Voters also elected Thomas Gruber to an at-large Town Council seat. He received 594 votes, defeating Michael Edes with 450 and Sally Leavitt with 313. Gruber will replace Jeff Porter, who chose not to run again after 12 years on the council.

“I’m very excited about getting the opportunity to represent our town at a different level,” said Gruber, who will step down from the Planning Board to serve on the council. “… I just feel honored.”

Retired from the U.S. Army and the health-care field, Gruber also sits on Cumberland’s Lands and Conservation, Shellfish and Coastal Waters commissions.

Councilor William Stiles ran uncontested for re-election to his Cumberland Center seat and received 1,151 votes.

Robert Vail and William Richards were also uncontested for their seats on the School Administrative District 51 Board of Directors and received 1,047 and 903 votes, respectively.

William Lunt III of Falmouth, incumbent for the Portland Water District Board of Trustees, ran uncontested and received 1,148 votes.

The gravel extraction referendum was triggered by a petition drive by a citizens group, the Cumberland Environmental Action Network.

West Cumberland resident Teri Maloney-Kelly, the founder of the network, said Tuesday night that “we’re really thankful that the citizens got out to vote, and it really was truly about commercial land extraction, and everybody else’s property rights are still in place. … I think this really secures the future of the residential neighborhoods in Cumberland.”

Town Manager Bill Shane said Tuesday that the ban would go into effect immediately.

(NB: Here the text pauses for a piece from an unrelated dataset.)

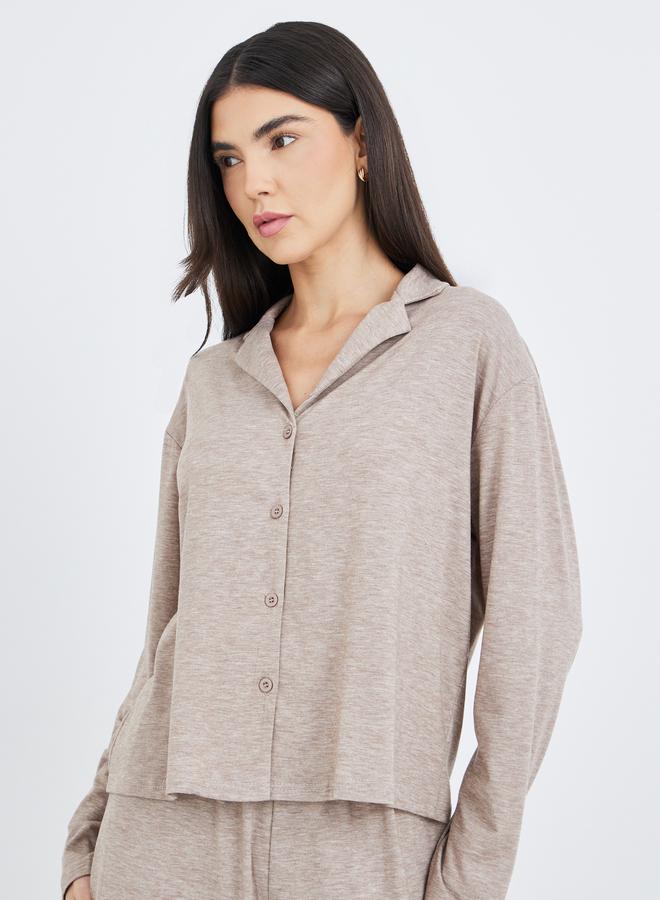 Styli Women Beige Melange Shirt and Wide Leg Pyjama Set - Image 2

The Town Council enacted a 180-day moratorium on new applications for gravel pits and water extraction sites last November. In March it extended that moratorium to June 28.

The Planning Board had in part reviewed a Town Council ordinance subcommittee proposal that the town continue to permit gravel extraction, but only through contract zoning. But the ban takes precedence.

The moratorium was enacted after Elvin Copp and his son, Randy Copp, expressed interest in a gravel pit and water extraction site on land Elvin owns off Upper Methodist Road, which borders the Maine Turnpike and the Falmouth town line.

They later decided not to apply for a permit until after a town review, but not before clear-cutting and earth removal occurred on the site without town permits, according to Shane.

A stop work order was issued last fall after allegations were made concerning the activities, and Cumberland notified DEP of the matter. Shane said in February that the Copps are working with DEP on a mitigation plan.